Task to carry out
In the records below, find the line with "chum-anh-mat-trang-trai-dat-nhin-tu-su-menh-artemis-ii.png", then copy each line exactly until you have copied the line with "10 Sandlyn Court, Hamilton, ON". Leave any picture out.

Source records
━━━━━━
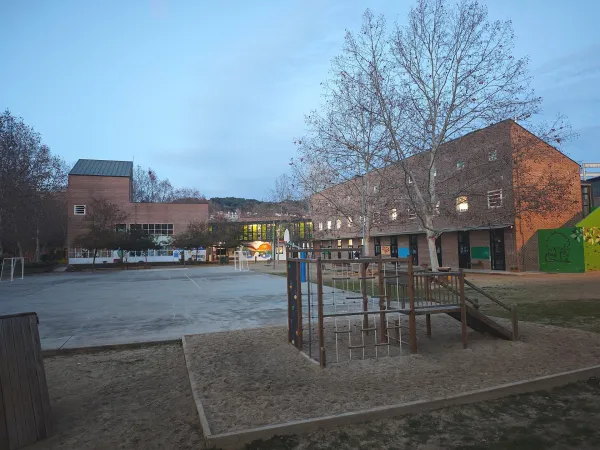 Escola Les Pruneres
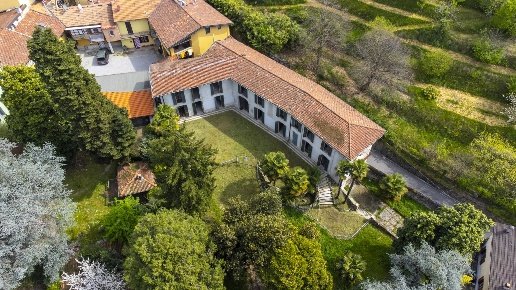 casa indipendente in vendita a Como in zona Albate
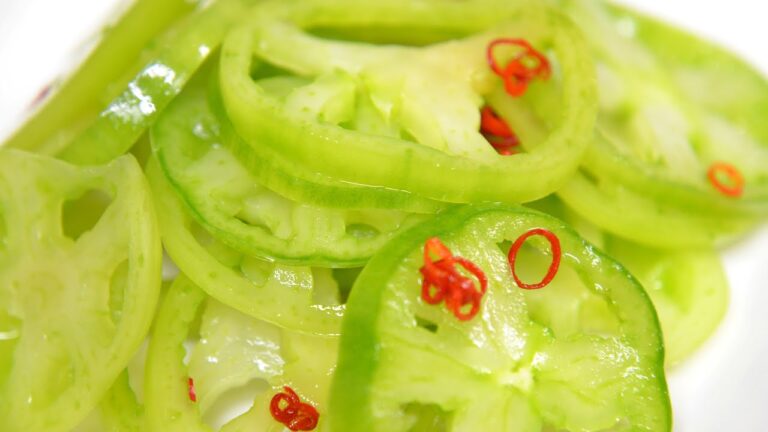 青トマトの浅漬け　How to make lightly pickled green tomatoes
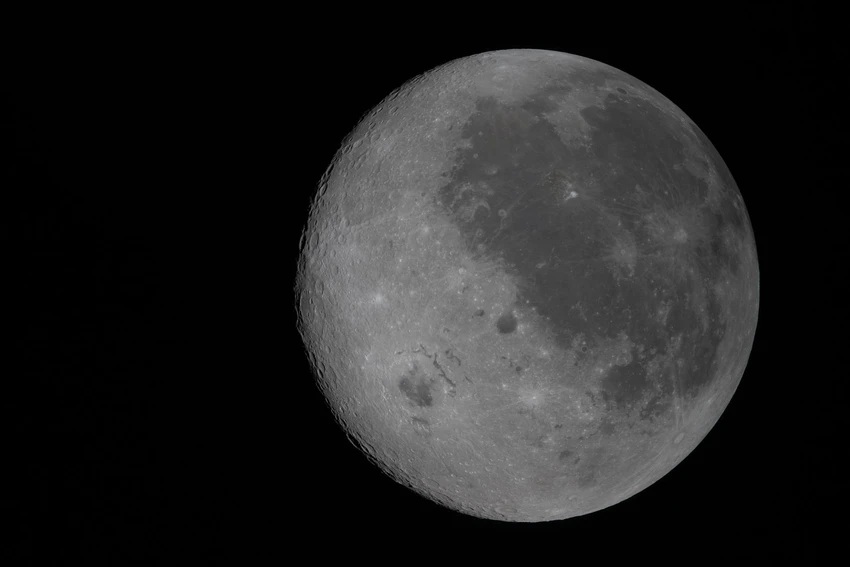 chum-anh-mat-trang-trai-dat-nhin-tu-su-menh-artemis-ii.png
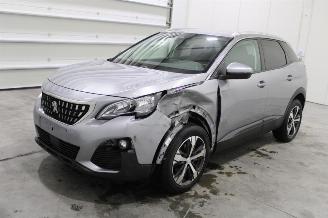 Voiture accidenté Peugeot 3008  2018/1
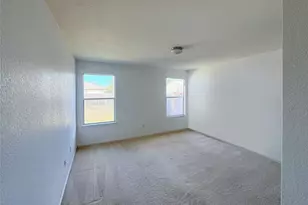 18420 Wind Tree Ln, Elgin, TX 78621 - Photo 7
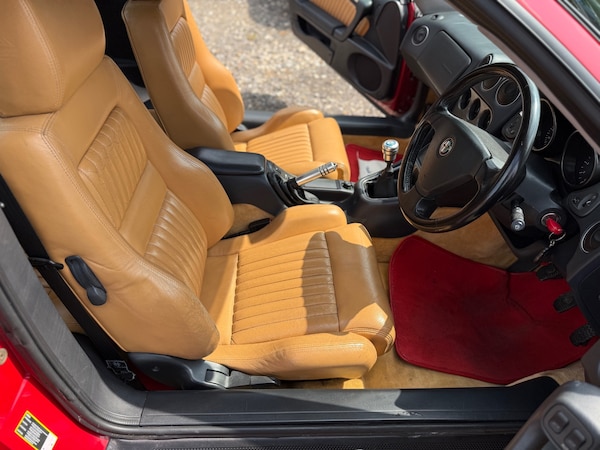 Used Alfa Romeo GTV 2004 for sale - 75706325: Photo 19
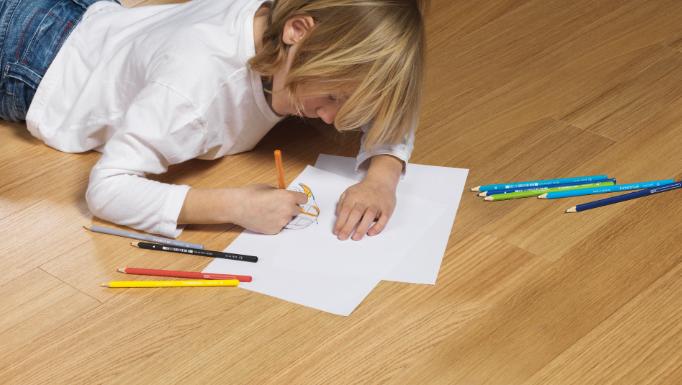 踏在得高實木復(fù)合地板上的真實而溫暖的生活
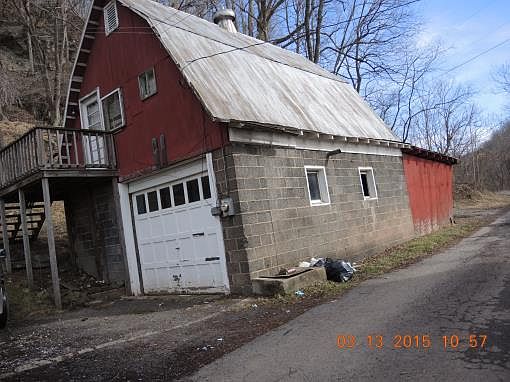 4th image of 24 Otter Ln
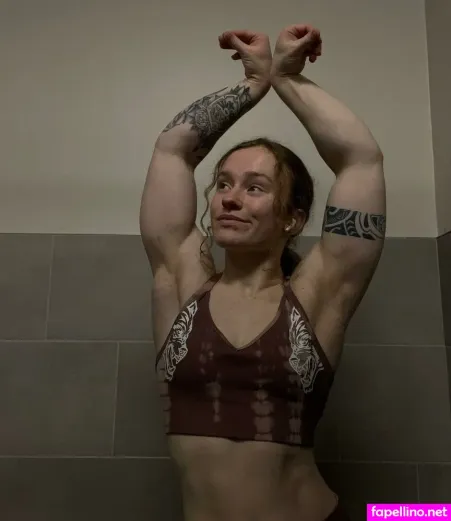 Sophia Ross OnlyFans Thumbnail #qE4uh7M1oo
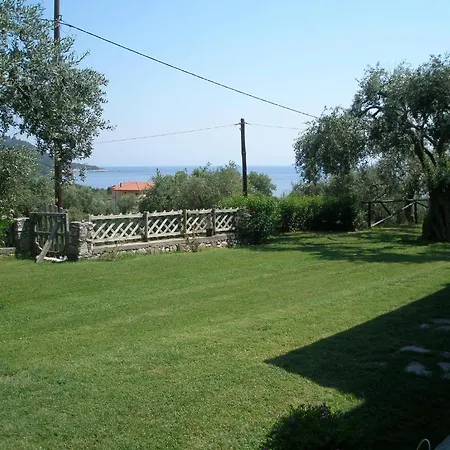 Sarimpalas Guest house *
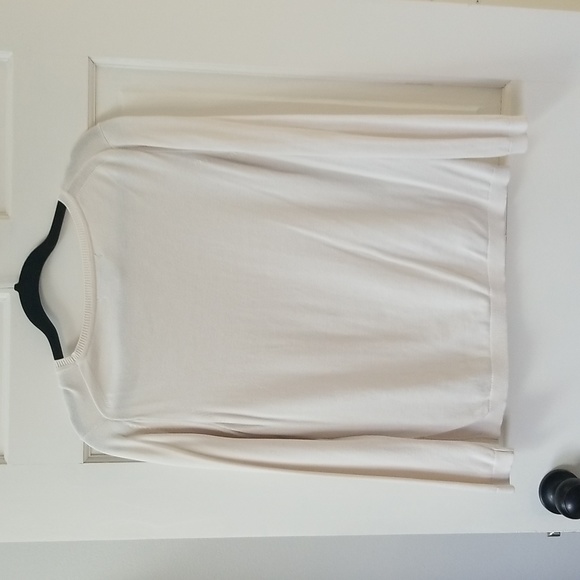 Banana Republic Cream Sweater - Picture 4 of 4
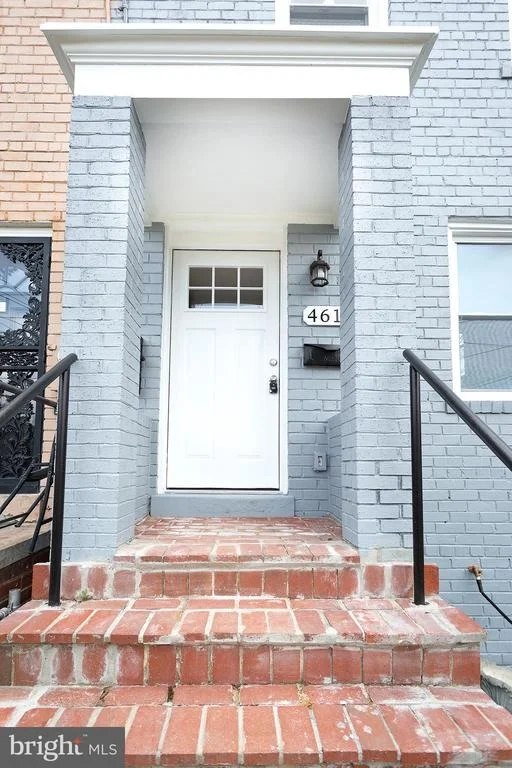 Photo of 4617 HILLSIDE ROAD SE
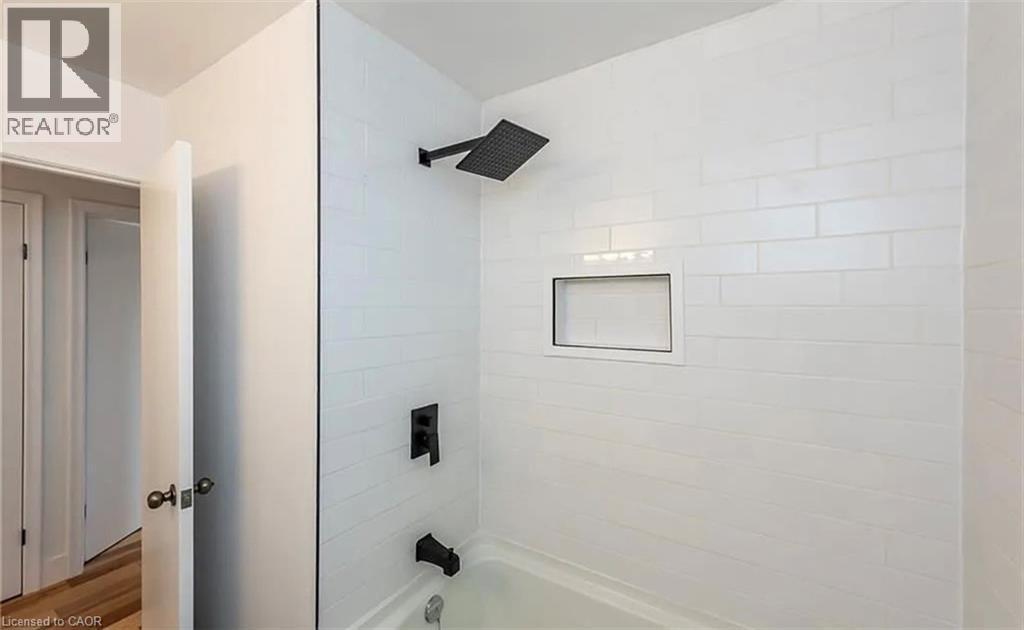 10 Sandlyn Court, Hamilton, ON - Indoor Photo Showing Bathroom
━━━━━━
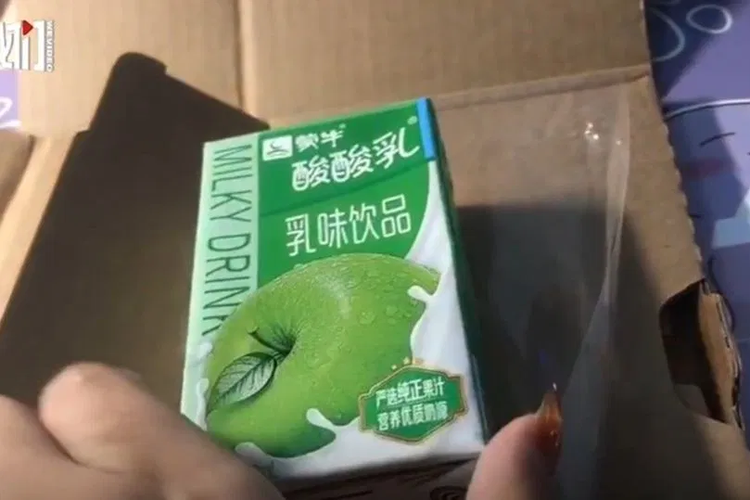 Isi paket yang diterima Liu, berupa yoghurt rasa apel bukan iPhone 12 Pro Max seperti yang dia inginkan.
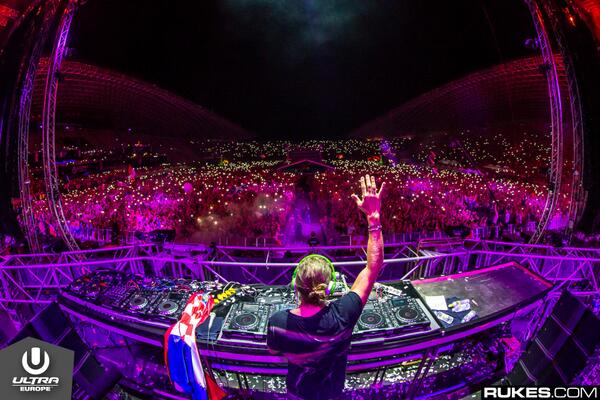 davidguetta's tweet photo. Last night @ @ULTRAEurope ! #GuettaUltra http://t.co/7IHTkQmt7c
━━━━━━
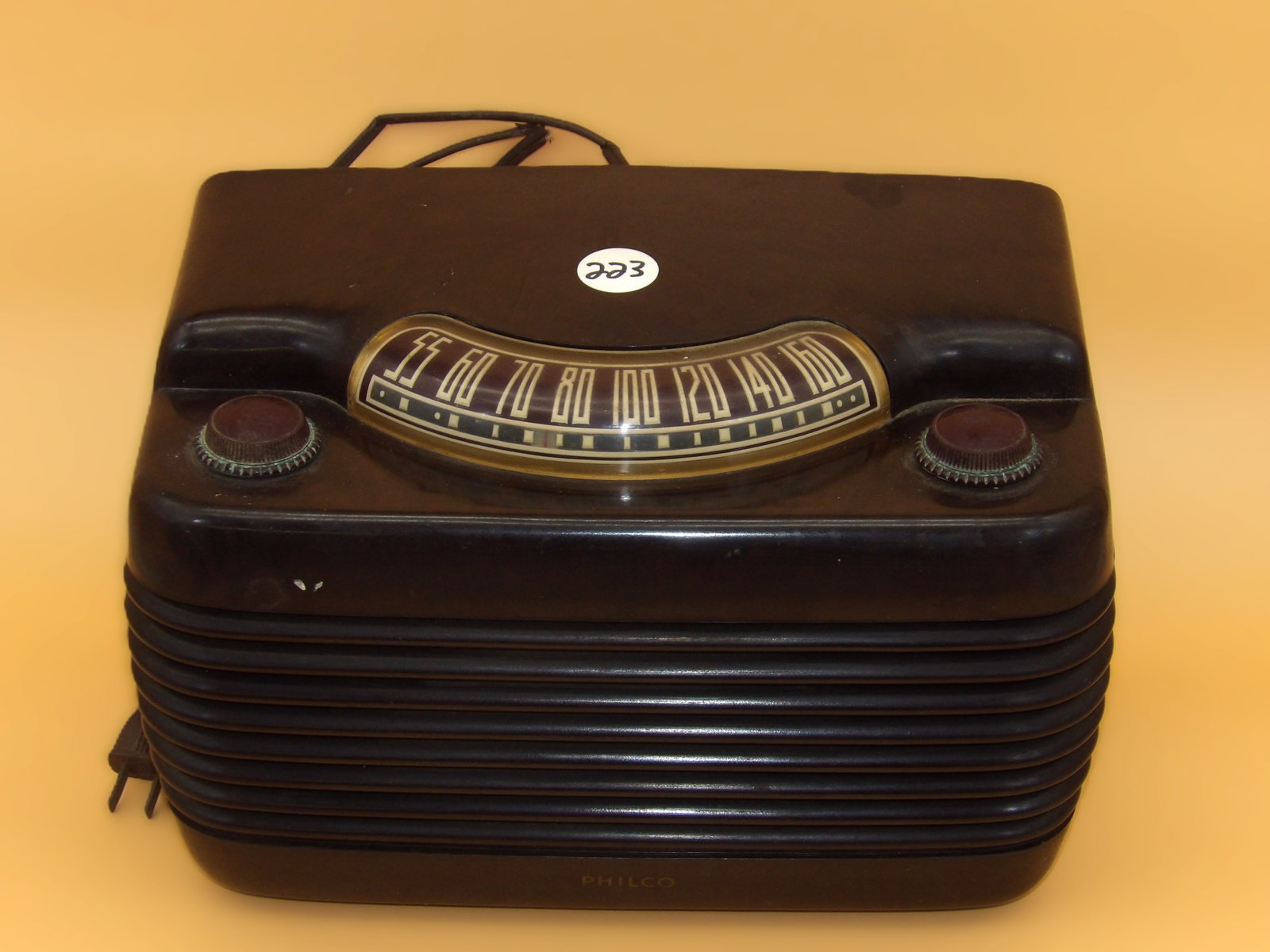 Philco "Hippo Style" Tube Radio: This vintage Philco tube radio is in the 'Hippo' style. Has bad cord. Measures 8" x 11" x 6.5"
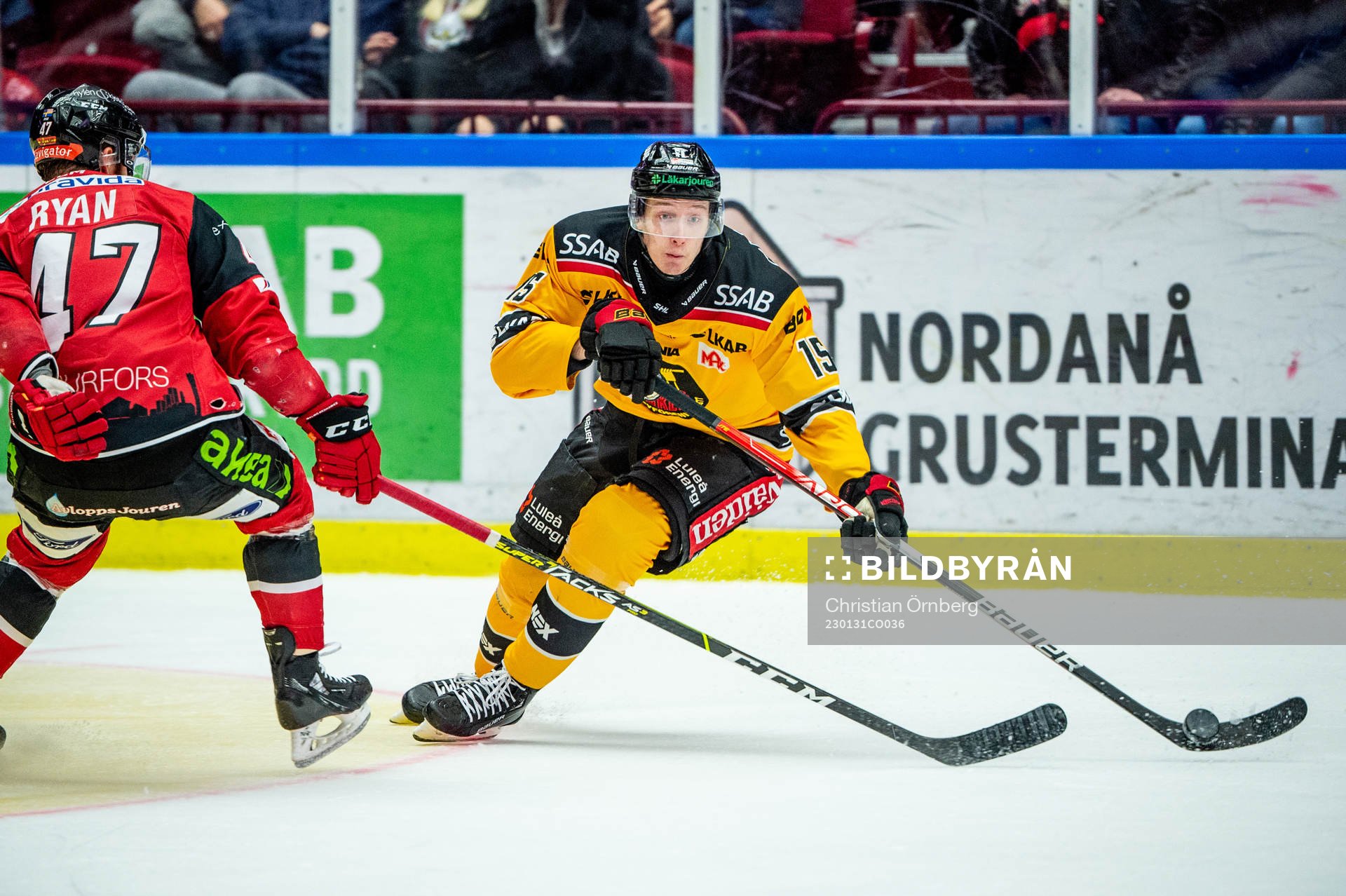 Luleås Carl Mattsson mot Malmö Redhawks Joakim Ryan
━━━━━━
Response to this task
 chum-anh-mat-trang-trai-dat-nhin-tu-su-menh-artemis-ii.png
 Voiture accidenté Peugeot 3008  2018/1
 18420 Wind Tree Ln, Elgin, TX 78621 - Photo 7
 Used Alfa Romeo GTV 2004 for sale - 75706325: Photo 19
 踏在得高實木復(fù)合地板上的真實而溫暖的生活
 4th image of 24 Otter Ln
 Sophia Ross OnlyFans Thumbnail #qE4uh7M1oo
 Sarimpalas Guest house *
 Banana Republic Cream Sweater - Picture 4 of 4
 Photo of 4617 HILLSIDE ROAD SE
 10 Sandlyn Court, Hamilton, ON - Indoor Photo Showing Bathroom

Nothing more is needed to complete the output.